DATA PROVIDED

********************

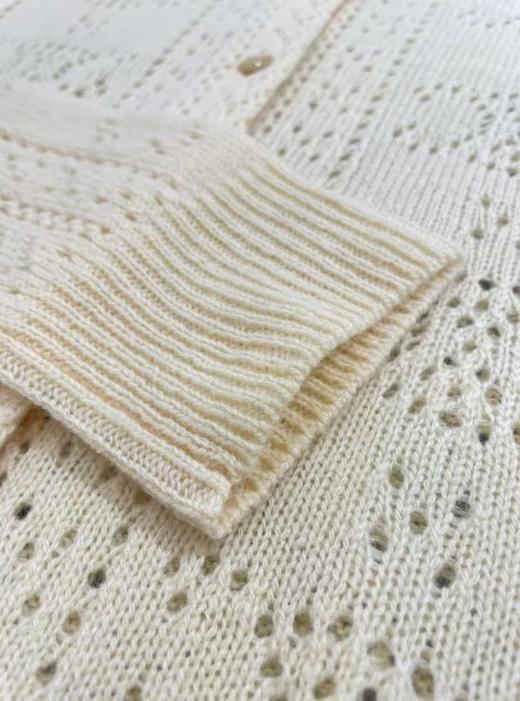 TY351-赛琳针织镂空开衫（PG*MM） 商品图5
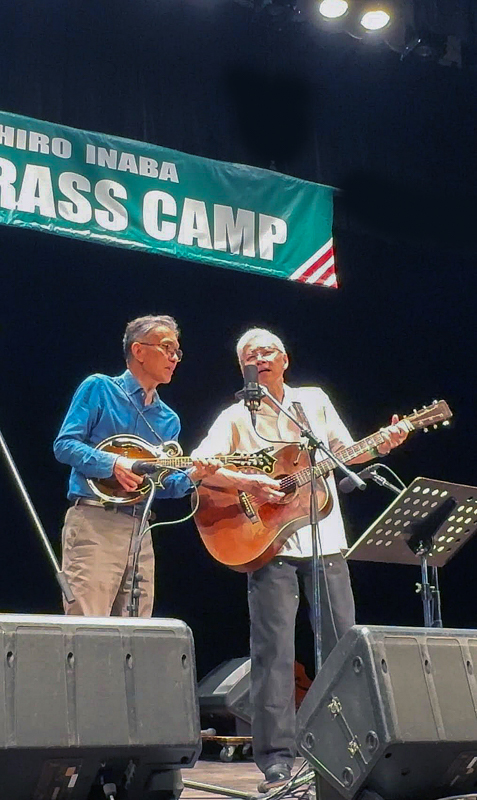 The Inaba Brothers at KazCamp 2026 - photo courtesy of KazCamp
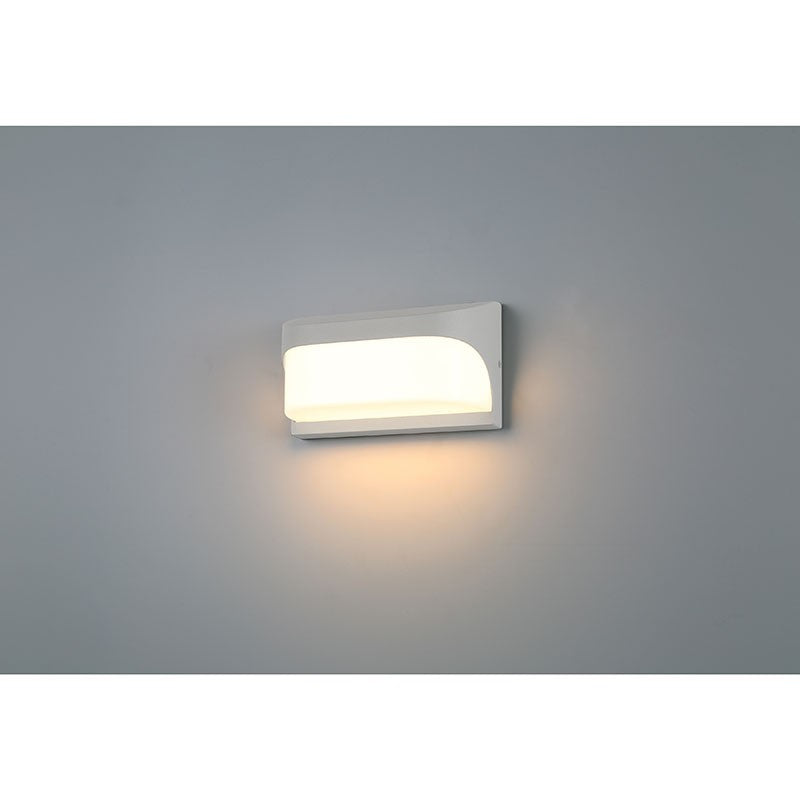 Laguna 9 in. LED Outdoor Wall Sconce Satin Finish - Bees Lighting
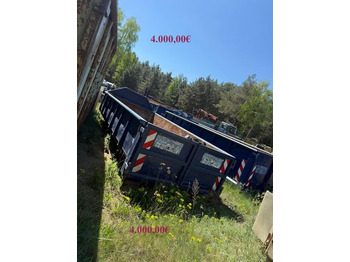 Мультиліфт-контейнер Abrollcontainer Stahl 20-24 m³/Heckklappe: фото 3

********************

ASSIGNMENT
Set down the data above word for word, leaving every picture out.

ANSWER FOR THIS EXERCISE
 TY351-赛琳针织镂空开衫（PG*MM） 商品图5
 The Inaba Brothers at KazCamp 2026 - photo courtesy of KazCamp
 Laguna 9 in. LED Outdoor Wall Sconce Satin Finish - Bees Lighting
 Мультиліфт-контейнер Abrollcontainer Stahl 20-24 m³/Heckklappe: фото 3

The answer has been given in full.